Other languages and dialects that have influenced Newfoundland English 
There is also a dialect of French centred mainly on the Port au Port Peninsula on the west coast of the island, and it has affected the syntax of the English in the area. One example of these constructs found in Newfoundland is Throw grandpa down the stairs his hat, a dative construction in which the hat, not the grandfather, makes the trip. Another is the use of French subject pronoun reinforcement constructions in sentences such as the reply to a question like Where are you going?: Me I'm goin' downtown (this form of subject pronoun grammar also exists in Irish English and Jerriais).

Newfoundland French was deliberately discouraged by the Newfoundland government through the public schools during the mid-20th-century, and only a small handful of mainly elderly people are still fluent in the French-Newfoundland dialect. In the last couple of decades, many parents in the region have demanded and obtained Canadian French education for their children, but that would be Standard French education and does not represent a continuation of the old dialect per se. Some people living in the Codroy Valley on the south-west tip of the island are also ancestrally francophone but represent Acadian settlers from the Maritime Provinces of Canada who arrived during the 19th century. That population has also lost the French language.

The greatest distinction between Newfoundland English and General Canadian English is its vocabulary.
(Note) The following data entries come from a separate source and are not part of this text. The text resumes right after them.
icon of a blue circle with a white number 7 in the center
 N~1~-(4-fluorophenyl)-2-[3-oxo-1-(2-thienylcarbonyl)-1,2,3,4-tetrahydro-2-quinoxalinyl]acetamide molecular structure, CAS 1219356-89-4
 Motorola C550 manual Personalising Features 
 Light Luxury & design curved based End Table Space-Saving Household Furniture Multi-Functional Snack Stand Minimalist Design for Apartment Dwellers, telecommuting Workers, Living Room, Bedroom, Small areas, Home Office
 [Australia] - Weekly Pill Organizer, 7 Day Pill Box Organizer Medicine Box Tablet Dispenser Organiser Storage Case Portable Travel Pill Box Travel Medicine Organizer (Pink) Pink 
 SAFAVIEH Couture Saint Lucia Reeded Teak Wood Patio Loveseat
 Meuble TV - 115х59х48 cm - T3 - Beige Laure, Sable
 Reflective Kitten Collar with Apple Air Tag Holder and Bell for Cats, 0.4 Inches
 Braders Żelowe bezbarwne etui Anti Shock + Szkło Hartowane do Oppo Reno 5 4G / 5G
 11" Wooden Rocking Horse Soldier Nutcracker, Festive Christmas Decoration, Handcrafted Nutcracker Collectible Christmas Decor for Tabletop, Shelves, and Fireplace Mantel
It includes some Inuit and First Nations words (for example tabanask, a kind of sled), which are preserved archaic English words no longer found in other English dialects (such as pook, a mound of hay; dipper, a saucepan; and damper, a stove burner), Irish survivals like sleveen and angishore, compound words created from English words to describe things unique to Newfoundland (such as stun breeze, a wind of at least , English words which have undergone a semantic shift (for example rind, the bark of a tree), and unique words whose origins are unknown (for example diddies, a nightmare).

Expressions 
In recent years, the most commonly-noted Newfoundland English expression might be Whadd'ya at?  (What are you at?), loosely translated to "How's it going?" or "What are you doing?" Coming in a close second might be "You're stunned as me arse, b'y," implying incredible stupidity or foolishness in the person being spoken to.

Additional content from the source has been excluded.